Task requirements: Search the records for "stream". Copy every line where it appears.

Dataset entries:
Content starts

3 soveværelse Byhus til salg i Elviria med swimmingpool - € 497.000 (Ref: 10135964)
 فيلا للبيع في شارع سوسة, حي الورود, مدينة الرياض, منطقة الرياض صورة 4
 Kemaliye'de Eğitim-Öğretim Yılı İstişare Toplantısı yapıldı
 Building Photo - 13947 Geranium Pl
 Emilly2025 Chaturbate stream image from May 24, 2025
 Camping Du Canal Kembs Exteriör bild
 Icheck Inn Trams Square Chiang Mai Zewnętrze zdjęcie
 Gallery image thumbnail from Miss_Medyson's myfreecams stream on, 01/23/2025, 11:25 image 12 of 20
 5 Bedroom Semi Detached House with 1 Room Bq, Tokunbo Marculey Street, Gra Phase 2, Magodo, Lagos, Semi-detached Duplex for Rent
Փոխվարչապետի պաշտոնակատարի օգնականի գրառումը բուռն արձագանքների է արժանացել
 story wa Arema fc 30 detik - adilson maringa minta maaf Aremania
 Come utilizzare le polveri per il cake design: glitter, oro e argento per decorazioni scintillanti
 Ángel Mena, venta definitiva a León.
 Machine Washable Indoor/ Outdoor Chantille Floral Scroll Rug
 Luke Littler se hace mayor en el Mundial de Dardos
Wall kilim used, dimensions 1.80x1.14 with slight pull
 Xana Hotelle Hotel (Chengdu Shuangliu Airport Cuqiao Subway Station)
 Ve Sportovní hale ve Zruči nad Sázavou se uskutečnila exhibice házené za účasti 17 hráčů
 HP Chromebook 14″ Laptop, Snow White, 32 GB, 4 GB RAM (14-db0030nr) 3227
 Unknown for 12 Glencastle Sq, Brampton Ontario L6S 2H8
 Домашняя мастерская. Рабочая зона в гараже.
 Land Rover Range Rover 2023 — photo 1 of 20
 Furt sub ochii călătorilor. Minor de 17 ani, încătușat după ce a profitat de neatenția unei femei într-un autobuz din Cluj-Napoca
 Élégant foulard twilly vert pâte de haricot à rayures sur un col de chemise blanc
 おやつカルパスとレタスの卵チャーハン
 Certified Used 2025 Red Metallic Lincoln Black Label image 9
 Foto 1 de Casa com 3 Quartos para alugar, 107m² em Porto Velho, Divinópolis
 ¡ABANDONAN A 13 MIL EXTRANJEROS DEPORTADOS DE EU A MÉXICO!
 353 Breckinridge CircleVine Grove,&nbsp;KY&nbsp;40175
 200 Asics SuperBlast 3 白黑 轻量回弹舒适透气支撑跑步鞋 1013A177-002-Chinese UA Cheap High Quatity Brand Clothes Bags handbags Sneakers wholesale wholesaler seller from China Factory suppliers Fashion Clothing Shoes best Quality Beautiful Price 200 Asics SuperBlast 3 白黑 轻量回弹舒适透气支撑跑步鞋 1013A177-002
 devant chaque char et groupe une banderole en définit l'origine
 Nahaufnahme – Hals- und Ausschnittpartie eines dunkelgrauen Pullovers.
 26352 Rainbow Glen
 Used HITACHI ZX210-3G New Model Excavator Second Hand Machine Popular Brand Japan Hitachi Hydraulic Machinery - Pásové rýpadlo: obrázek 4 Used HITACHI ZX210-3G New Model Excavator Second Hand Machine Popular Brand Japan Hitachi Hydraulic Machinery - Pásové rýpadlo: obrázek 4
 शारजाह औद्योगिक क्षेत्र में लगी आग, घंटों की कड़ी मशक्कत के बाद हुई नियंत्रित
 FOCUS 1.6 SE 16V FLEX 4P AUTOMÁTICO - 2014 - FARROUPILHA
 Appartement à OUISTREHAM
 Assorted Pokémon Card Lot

Content ends

Solution to this task:
 Emilly2025 Chaturbate stream image from May 24, 2025
 Gallery image thumbnail from Miss_Medyson's myfreecams stream on, 01/23/2025, 11:25 image 12 of 20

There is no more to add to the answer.